90's MPC Sample Pack
Key Features
- 222 WAV samples focused on boom-bap drum programming rather than full construction-kit arrangements.
- Large one-shot drum core with 63 kicks, 61 snares, 38 hi-hats, and 24 percussion hits.
- Includes 7 bass samples plus 23 accents and FX for adding transitions, fills, and low-end support.
- Turntable-recorded source character gives the kit a dusty, vinyl-colored edge for old-school hip-hop beats.
- Works in any DAW, sampler, MPC, Maschine, SP-404, or drum rack that accepts standard WAV files.
- Small 43.69 MB download keeps the kit quick to audition, transfer, and load into hardware or software samplers.
Description
90's MPC Sample Pack is a compact boom-bap drum kit from Beatsmith, distributed through SoundPacks. It focuses on gritty one-shot drums and supporting bass, accent, and FX hits for producers building golden-era hip-hop patterns in a DAW, sampler, MPC, or pad controller.
The pack contains 222 WAV samples in a 43.69 MB ZIP. SoundPacks breaks the kit down into 63 kicks, 38 hi-hats, 61 snares, 24 percussion hits, 7 bass samples, and 23 accents and FX, so the emphasis is clearly on drum programming rather than melodic construction kits.
The source page describes the sound as inspired by Madlib, J Dilla, Wu-Tang, MF DOOM, and similar underground hip-hop references. Most of the sounds were recorded directly to an AT-LP60XBT turntable, which points to a deliberately worn, sampled, vinyl-colored tone instead of a polished modern drum-library finish.
Use it when you need fast kick-snare-hat building blocks for head-nod beats. The limited melodic content keeps the pack focused, but it also means producers looking for full song-starter loops will want to pair it with chords, chops, or bass material from another source.
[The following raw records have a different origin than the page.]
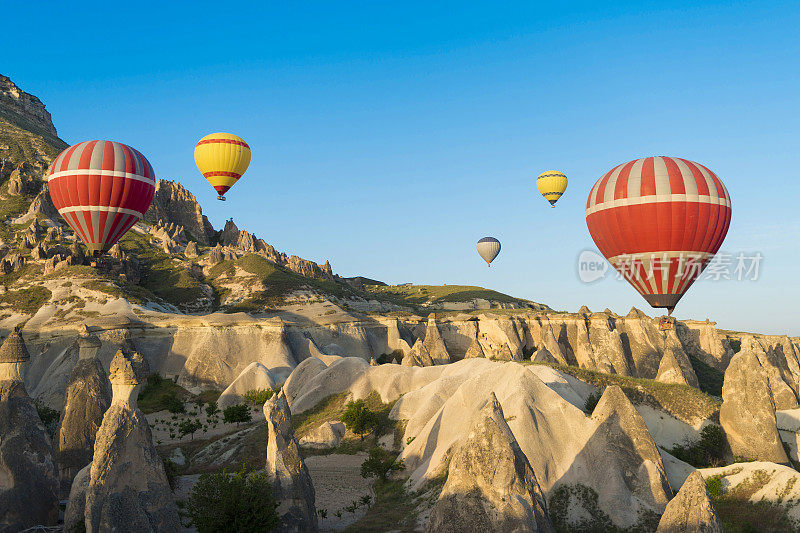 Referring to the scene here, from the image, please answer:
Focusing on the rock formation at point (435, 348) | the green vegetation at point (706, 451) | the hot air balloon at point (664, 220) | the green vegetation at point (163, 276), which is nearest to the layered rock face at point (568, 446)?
the green vegetation at point (706, 451)

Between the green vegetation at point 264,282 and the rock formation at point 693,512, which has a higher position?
the green vegetation at point 264,282

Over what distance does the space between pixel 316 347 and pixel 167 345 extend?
20.1 m

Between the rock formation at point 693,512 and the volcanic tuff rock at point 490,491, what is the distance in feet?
15.6

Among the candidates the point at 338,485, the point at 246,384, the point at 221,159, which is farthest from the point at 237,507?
the point at 221,159

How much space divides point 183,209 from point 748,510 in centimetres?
16617

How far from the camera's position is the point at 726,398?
136 feet

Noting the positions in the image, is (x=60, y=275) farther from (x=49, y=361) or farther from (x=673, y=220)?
(x=673, y=220)

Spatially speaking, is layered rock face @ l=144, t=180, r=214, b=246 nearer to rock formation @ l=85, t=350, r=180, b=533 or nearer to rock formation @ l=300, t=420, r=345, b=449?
rock formation @ l=300, t=420, r=345, b=449

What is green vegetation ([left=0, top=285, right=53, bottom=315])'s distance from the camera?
79.6 meters

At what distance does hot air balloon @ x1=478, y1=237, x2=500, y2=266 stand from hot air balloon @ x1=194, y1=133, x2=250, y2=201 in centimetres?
7033

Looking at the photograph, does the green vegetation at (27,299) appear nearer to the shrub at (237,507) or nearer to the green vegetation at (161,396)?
the green vegetation at (161,396)

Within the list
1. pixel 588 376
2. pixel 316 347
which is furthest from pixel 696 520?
pixel 316 347

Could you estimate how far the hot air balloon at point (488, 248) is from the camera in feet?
426

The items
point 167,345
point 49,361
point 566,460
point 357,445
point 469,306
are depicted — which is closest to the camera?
point 566,460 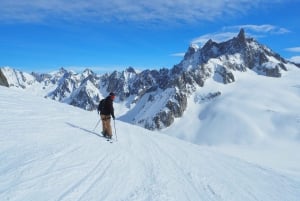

Frequently Asked Questions
What is included in 90's MPC Sample Pack?
SoundPacks lists 222 total WAV samples: 63 kicks, 38 hi-hats, 61 snares, 24 percussion hits, 7 bass samples, and 23 accents and FX. The pack is drum-heavy, so it is best treated as a one-shot kit rather than a full construction-kit library.
Does it require an Akai MPC?
No. The pack is delivered as WAV audio, so it can be loaded into DAWs, software samplers, pad controllers, and hardware samplers that support WAV files. The MPC reference is about the musical style and beatmaking context rather than a proprietary format.
What style of hip-hop does it suit?
The official page points to underground and golden-era references such as Madlib, J Dilla, Wu-Tang, and MF DOOM. That makes it a natural fit for boom bap, lo-fi hip-hop, crate-digging beats, and sample-based rap production.
Are there melodic loops inside?
The listed contents are mainly kicks, snares, hi-hats, percussion, bass, accents, and FX. Producers looking for complete melodic ideas should expect to add their own samples, chords, chops, or loops around the drum kit.